English food
La cucina inglese sta migliorando. La notizia non è nuova, anzi viene ripetuta da circa un secolo dai viaggiatori che tornano in Continente. Partiti con una montagna di pregiudizi, le informazioni delle guide, quelle di amici e congiunti e, negli ultimi anni, il fenomeno degli chef superstar (Jamie Oliver, Nigella Lawson) che hanno riempito le librerie e i canali televisivi, dovrebbero essere riusciti a dissolverli. Eppure, eppure...
È certo vero che a Londra, città che si candida ad essere quel che fu New York nel XX secolo, le occasioni di mangiar bene, di trovare buoni ristoranti (e qualche gastropub) sono ormai numerose e la tetraggine che si associa ai resoconti di pranzi in terra d’Albione non è più all’ordine del giorno. E nemmeno lo è la nota frase di Somerset Maugham: “per mangiare bene in Inghilterra bisogna ordinare il breakfast tre volte al giorno” (la stessa cosa veniva ripetuta da Saul Steinberg per l’America).
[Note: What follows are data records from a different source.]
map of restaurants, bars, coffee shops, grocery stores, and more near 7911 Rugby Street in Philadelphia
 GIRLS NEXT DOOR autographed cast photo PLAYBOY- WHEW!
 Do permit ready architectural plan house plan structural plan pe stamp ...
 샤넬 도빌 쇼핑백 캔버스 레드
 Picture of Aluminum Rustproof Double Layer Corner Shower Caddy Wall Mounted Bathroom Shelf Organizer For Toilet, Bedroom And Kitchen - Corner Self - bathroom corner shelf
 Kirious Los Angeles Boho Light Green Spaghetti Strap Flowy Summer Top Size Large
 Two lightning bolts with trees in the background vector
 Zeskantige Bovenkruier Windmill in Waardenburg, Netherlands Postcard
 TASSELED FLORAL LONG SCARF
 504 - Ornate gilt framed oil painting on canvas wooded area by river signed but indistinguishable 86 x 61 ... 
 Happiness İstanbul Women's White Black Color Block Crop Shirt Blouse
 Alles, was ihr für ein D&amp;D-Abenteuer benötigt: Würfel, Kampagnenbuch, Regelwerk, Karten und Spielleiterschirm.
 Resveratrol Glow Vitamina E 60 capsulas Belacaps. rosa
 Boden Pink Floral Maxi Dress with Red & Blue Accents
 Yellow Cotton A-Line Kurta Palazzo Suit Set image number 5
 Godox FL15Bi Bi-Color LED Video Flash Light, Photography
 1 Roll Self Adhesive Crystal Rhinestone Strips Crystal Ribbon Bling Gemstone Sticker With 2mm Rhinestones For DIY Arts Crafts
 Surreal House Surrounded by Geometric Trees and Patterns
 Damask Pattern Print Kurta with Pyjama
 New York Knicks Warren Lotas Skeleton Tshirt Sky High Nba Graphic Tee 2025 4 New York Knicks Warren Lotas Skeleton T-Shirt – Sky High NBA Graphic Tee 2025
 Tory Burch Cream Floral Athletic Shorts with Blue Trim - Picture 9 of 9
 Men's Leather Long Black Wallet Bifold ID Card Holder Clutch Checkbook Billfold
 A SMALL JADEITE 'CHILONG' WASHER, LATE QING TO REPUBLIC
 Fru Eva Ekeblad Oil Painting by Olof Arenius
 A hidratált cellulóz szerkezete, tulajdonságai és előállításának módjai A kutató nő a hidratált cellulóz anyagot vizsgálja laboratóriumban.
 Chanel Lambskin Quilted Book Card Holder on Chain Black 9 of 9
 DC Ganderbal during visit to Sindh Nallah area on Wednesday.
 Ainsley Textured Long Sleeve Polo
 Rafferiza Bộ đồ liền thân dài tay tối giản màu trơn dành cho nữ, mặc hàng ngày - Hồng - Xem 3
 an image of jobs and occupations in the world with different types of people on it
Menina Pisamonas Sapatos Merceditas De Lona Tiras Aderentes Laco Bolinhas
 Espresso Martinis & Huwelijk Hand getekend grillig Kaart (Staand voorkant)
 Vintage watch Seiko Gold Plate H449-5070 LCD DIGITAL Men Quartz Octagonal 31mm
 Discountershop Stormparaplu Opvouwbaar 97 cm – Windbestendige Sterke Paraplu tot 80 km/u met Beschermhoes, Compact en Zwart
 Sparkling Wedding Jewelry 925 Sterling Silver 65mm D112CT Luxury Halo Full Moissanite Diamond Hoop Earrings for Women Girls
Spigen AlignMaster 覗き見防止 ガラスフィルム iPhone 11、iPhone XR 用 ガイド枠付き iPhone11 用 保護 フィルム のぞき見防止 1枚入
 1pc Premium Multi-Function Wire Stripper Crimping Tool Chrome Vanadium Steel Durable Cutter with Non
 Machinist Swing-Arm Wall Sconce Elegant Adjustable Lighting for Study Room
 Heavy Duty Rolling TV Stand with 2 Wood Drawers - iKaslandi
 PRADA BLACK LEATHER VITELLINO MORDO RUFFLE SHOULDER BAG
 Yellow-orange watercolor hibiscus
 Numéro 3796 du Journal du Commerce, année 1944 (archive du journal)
A me però il dubbio rimane. Intanto i migliori ristoranti sono etnici, non importa di quale etnia. Se si vuol mangiare la cucina inglese o si va nei club (dove, dalle poche esperienze, si mangia una corretta cucina di casa spruzzata da qualche accorgimento french style), o si va nei templi della cucina inglese (il roast-beef di Simpson’s in the Strand è ancora lì in saecula saeculorum), oppure si ha la fortuna di essere invitati a casa di amici british. Ottimo il breakfast, eccellente il tè, ma quando si tratta di veri e propri pranzi torna alla memoria una scena ricorrente di Frenzy (1972), l’ultima opera che Alfred Hitchcok girò in Inghilterra. La moglie di un ispettore di Scotland Yard, per rinfrescare il matrimonio, prepara al marito complicati manicaretti di cucina francese. La satira è impietosa; l’ispettore non vede l’ora di tornare al pub e alle sue abitudini alimentari.
Il punto è ben colto, come sempre, da George Orwell che in La strada di Wigan Pier mette tra le cause di una mancata rivoluzione del proletariato britannico i fish and chips, il salmone in scatola e le tavolette di cioccolato a poco prezzo. Gusti popolari? Antiquariato anni trenta? Secondo me no.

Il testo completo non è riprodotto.